Collected data entries

= = = = = = =

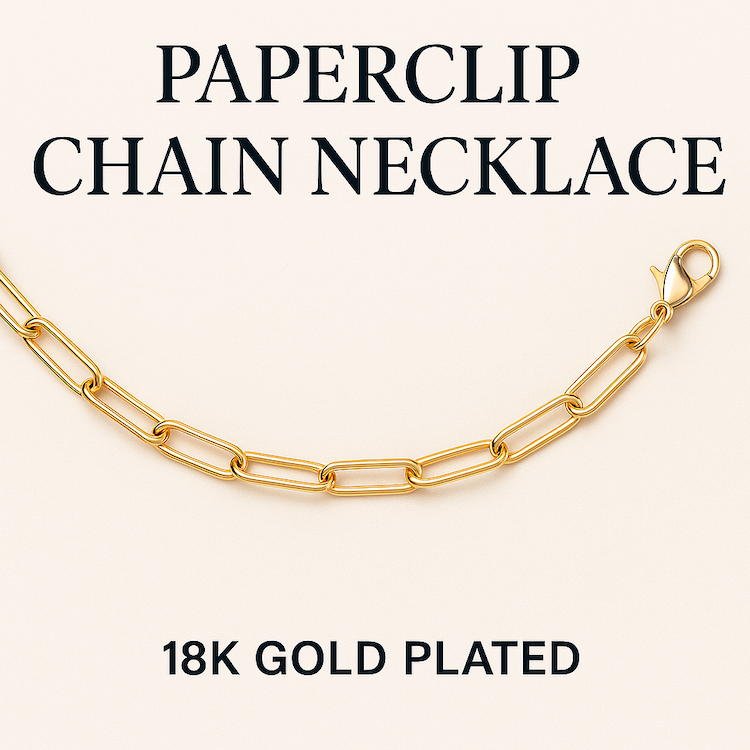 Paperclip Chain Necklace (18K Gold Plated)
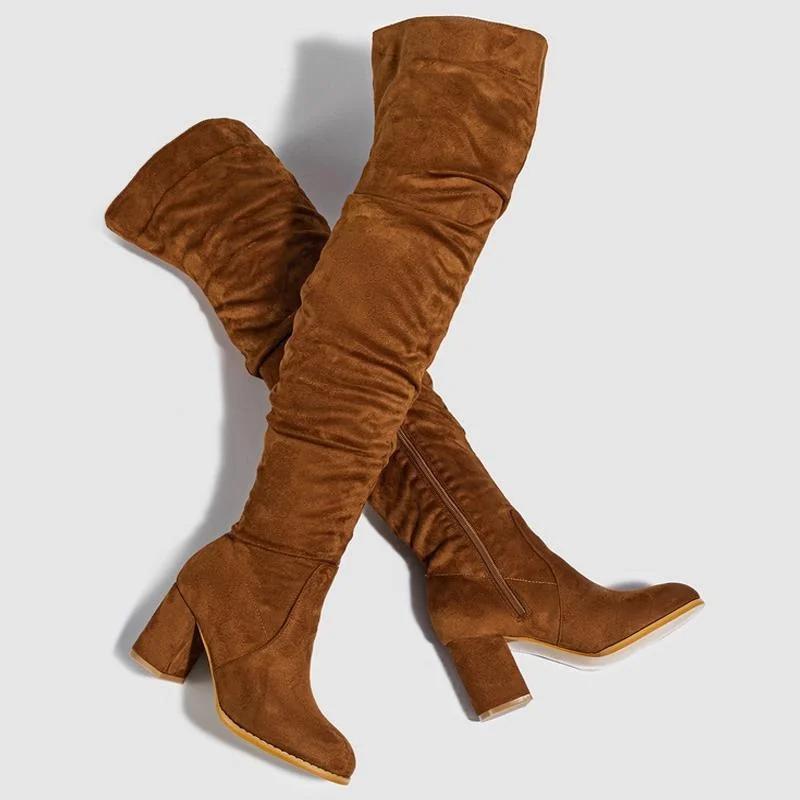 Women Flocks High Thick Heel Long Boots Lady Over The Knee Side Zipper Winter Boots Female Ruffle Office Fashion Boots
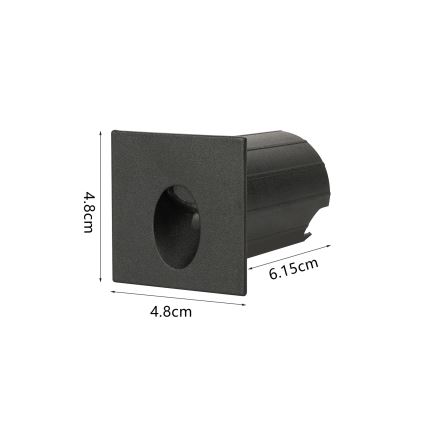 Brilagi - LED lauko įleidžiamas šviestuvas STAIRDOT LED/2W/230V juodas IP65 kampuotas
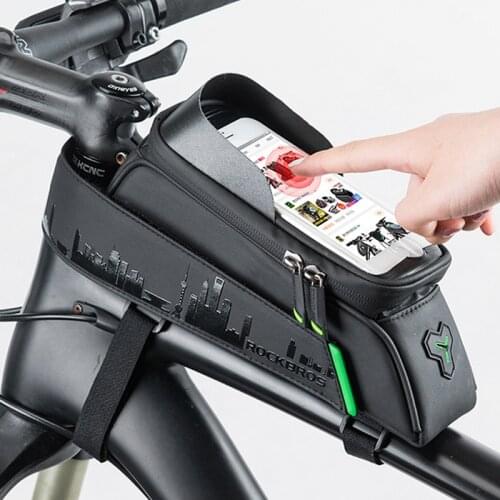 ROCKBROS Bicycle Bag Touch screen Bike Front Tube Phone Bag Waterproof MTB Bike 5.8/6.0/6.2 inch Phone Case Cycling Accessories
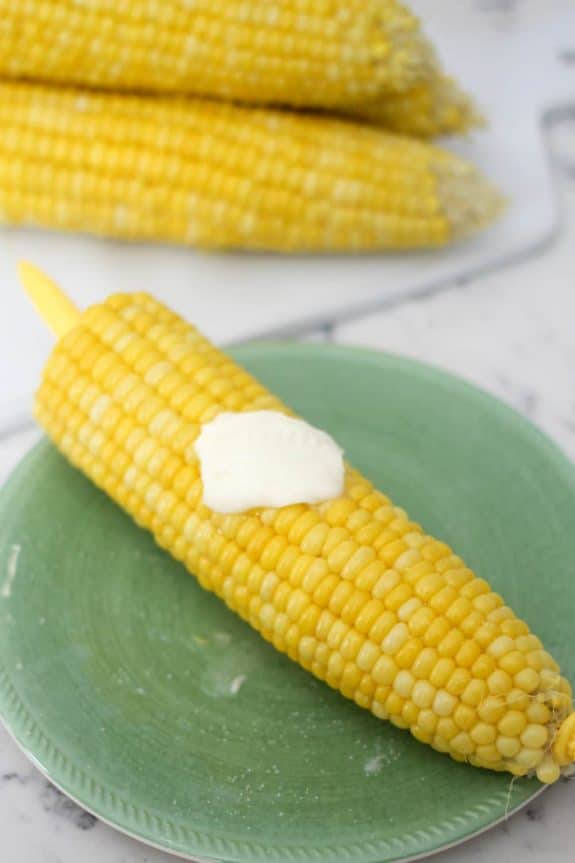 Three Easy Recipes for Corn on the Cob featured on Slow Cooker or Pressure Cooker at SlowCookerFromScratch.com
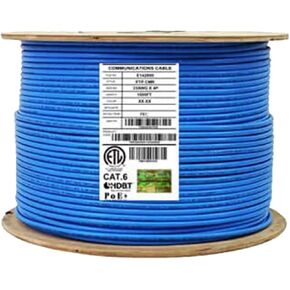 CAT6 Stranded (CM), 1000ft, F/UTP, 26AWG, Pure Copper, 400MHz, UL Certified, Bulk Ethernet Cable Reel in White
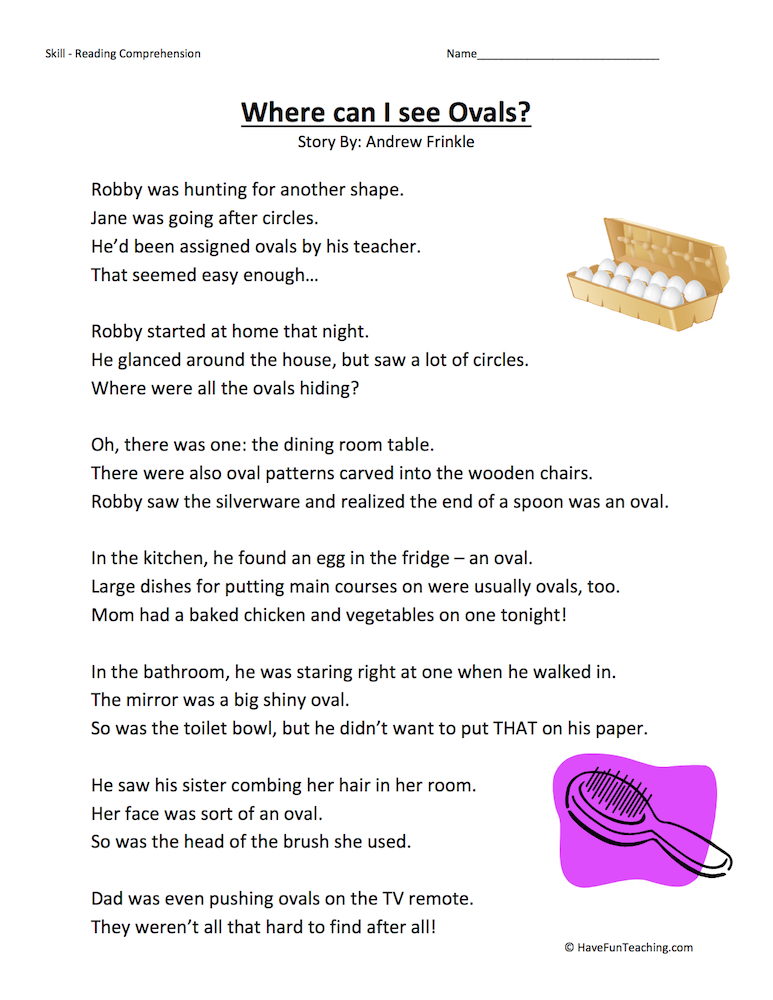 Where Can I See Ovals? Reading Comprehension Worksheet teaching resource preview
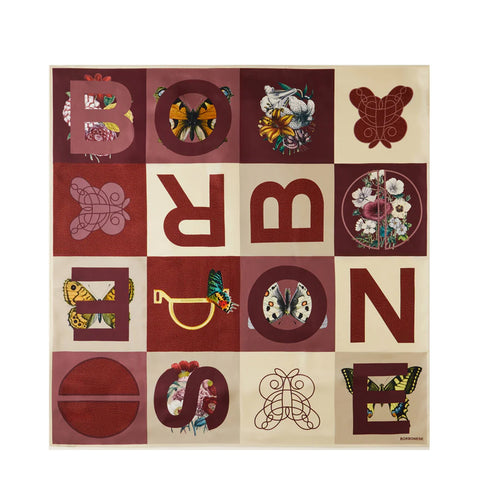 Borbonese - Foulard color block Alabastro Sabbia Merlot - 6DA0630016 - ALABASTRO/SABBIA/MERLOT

= = = = = = =

> **WHAT NEEDS TO BE DONE**:
Pictures are to be left out while the lines from the beginning of the records through the line with "Brilagi - LED" are copied word for word.

> **EXERCISE RESPONSE**:
 Paperclip Chain Necklace (18K Gold Plated)
 Women Flocks High Thick Heel Long Boots Lady Over The Knee Side Zipper Winter Boots Female Ruffle Office Fashion Boots
 Brilagi - LED lauko įleidžiamas šviestuvas STAIRDOT LED/2W/230V juodas IP65 kampuotas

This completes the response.